OpenStack Compute (nova)

Comment 15 for bug 1896463

Revision history for this message

Balazs Gibizer (balazs-gibizer) wrote on 2020-09-30:

#15

I did some analysis about the other move operations to see if they are affected by the same issue.

During cold migrate and resize the instance.host is set to the dest host when the instance reaches the VERIFY_RESIZE state. At this point the migration is set to 'finished' but finished is not an end state of the migration. A migration in finished state still considered in progress by the resource tracker. Later when the resize is confirmed (or reverted) then the migration status is put to 'confirmed' ('reverted') and this is an end state. So a simple delay in the resource tracker is not enough to trigger the race. A long enough delay is needed in the RT that allows the user to actually confirm the migration by hand. Or the automatic confirmation task to be configured and actually run. This makes the race pretty unlikely.

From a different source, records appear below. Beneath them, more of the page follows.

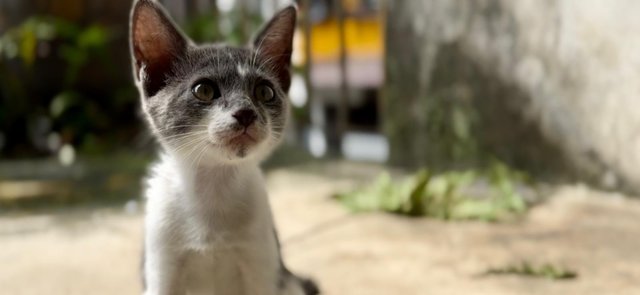 Nosey Grey - Domestic Short Hair + Turkish Van Cat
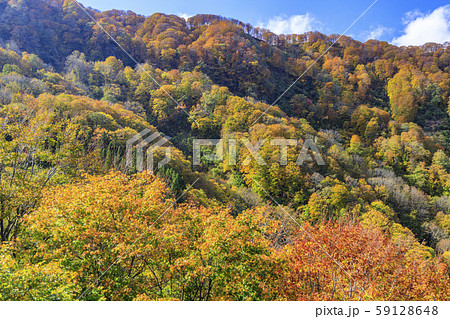 湯沢高原　パノラマパーク　アルプの里 59128648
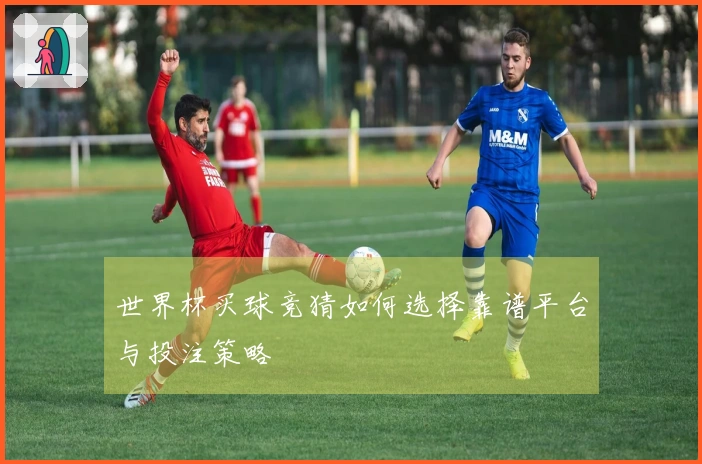 世界杯买球竞猜如何选择靠谱平台与投注策略
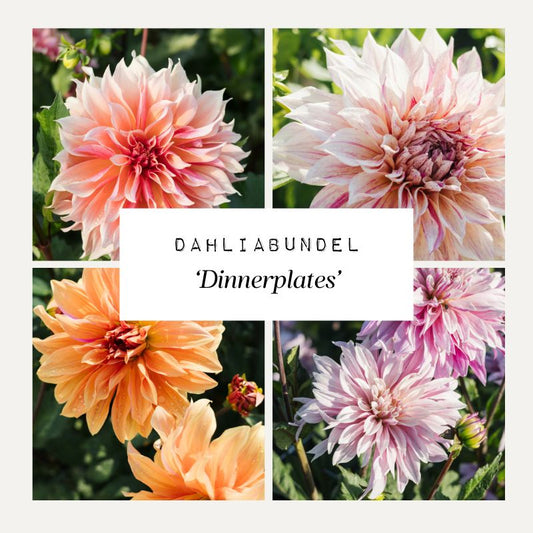 Dahliabundel 'Dinnerplates'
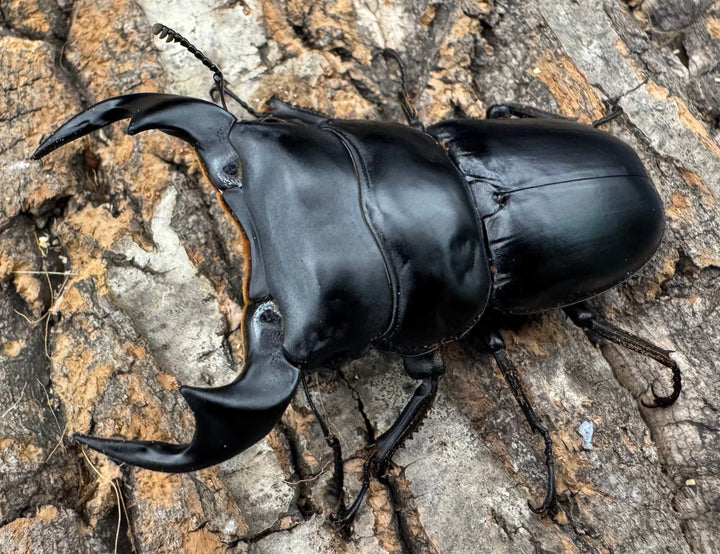 《マレーアンタエウス ドルクスマンB血統 74mm ペア》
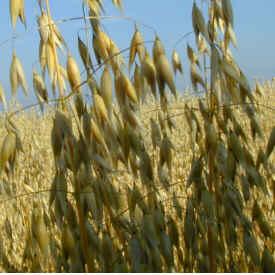 Wild-oats in field 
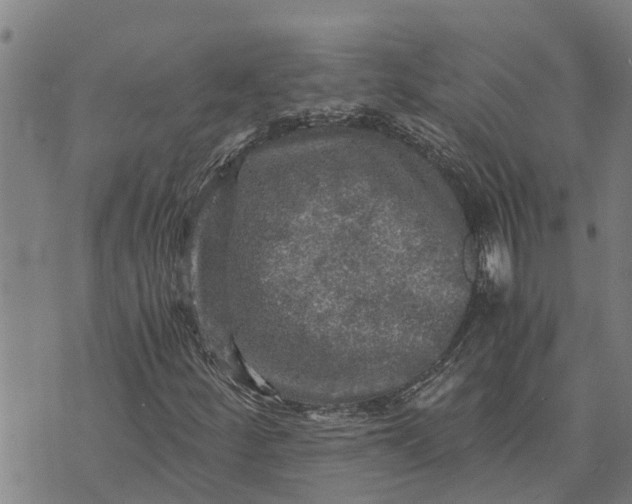 X0000073751252200608241338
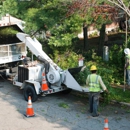 North Andover Tree Services - Tree Service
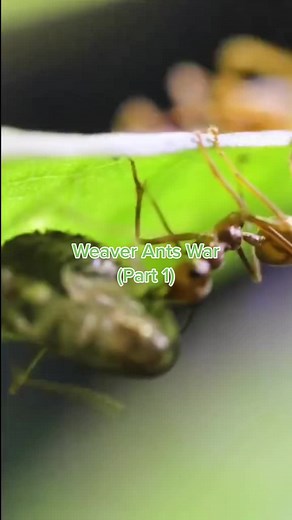 AntsCanada on TikTok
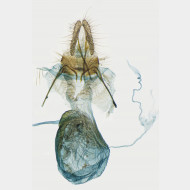 Aethes cnicana w v2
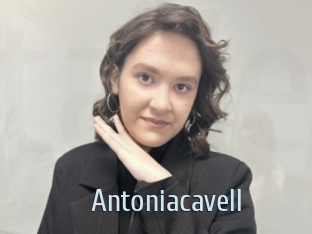 Antoniacavell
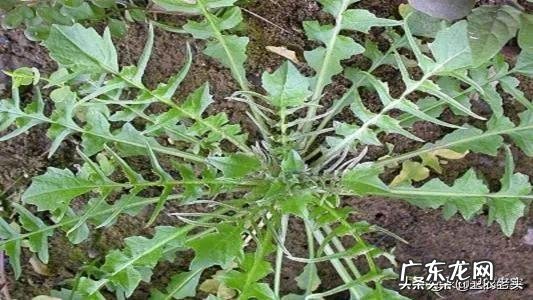 野菜荠荠菜好吃营养丰富,在农村哪里生长的比较多?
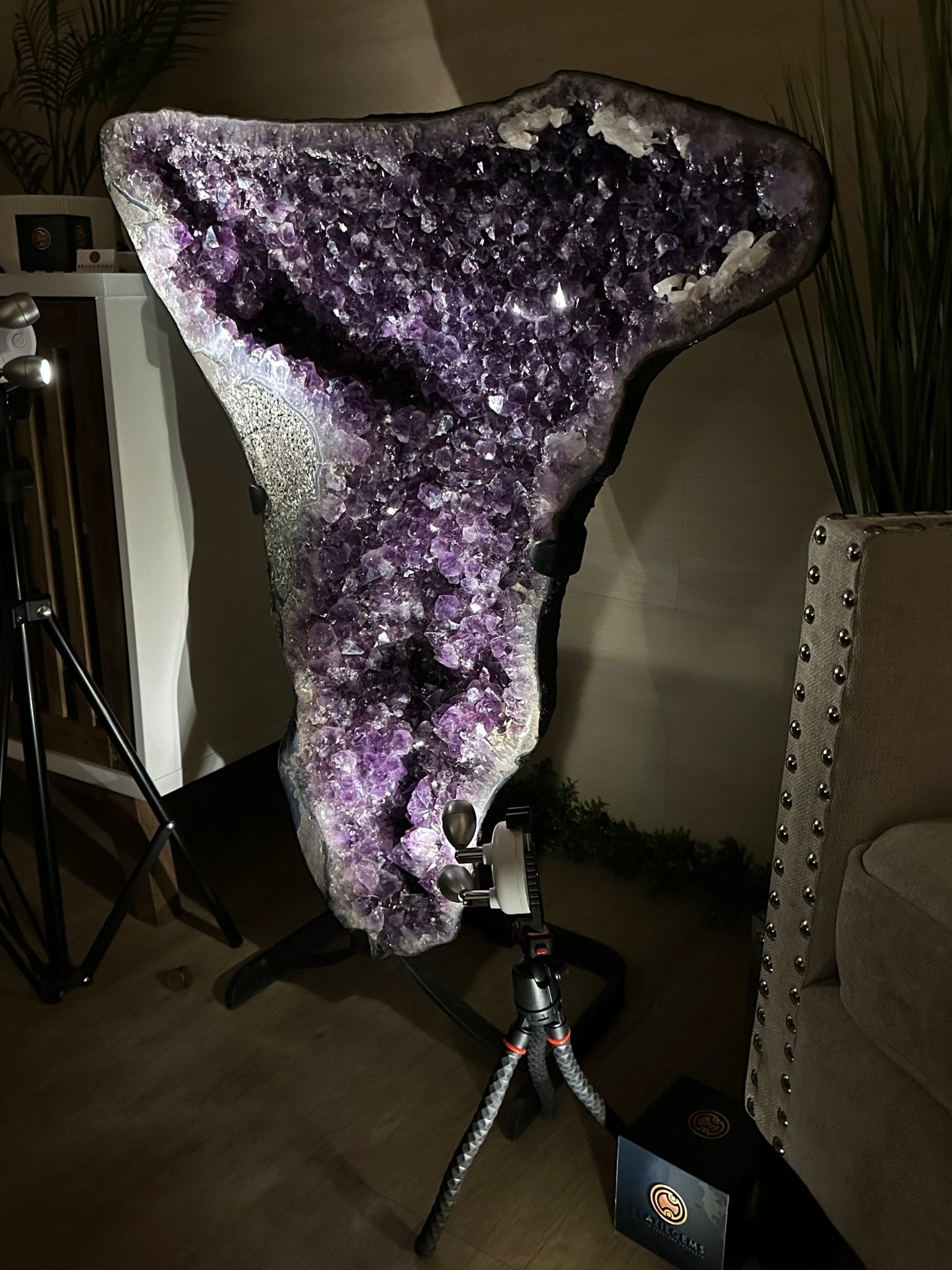 Extra Plus Quality Amethyst Clusters on Metal Stand, 161 lbs, 37" Tall #5491 - 0036 - Brazil GemsBrazil GemsExtra Plus Quality Amethyst Clusters on Metal Stand, 161 lbs, 37" Tall #5491 - 0036Clusters on Fixed Bases5491 - 0036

In case of live migration the process is a lot more complex. There is multiple steps in the live migration process that grabs the COMPUTE_RESOURCE_SEMAPHORE in the resource tracker (e.g. the PCI claim) so simply starting and then slowing down the update_available_resources task in the resource tracker does not work as a reproduction. I gave up on trying to reproduce the same problem but I'm not convinced that such fault does not exist for live migration. A reproduction should trigger a periodic task after the last COMPUTE_RESOURCE_SEMAPHORE grabbing live migration step but before the live migration finishes.

The unshelve (after shelve offload) is not affected by the bug as it uses the same instance_claim as the boot process. the instance_claim will set the instance.host under the COMPUTE_RESOURCE_SEMAPHORE lock so there is no chance for an overlapping update_available_resource periodic run.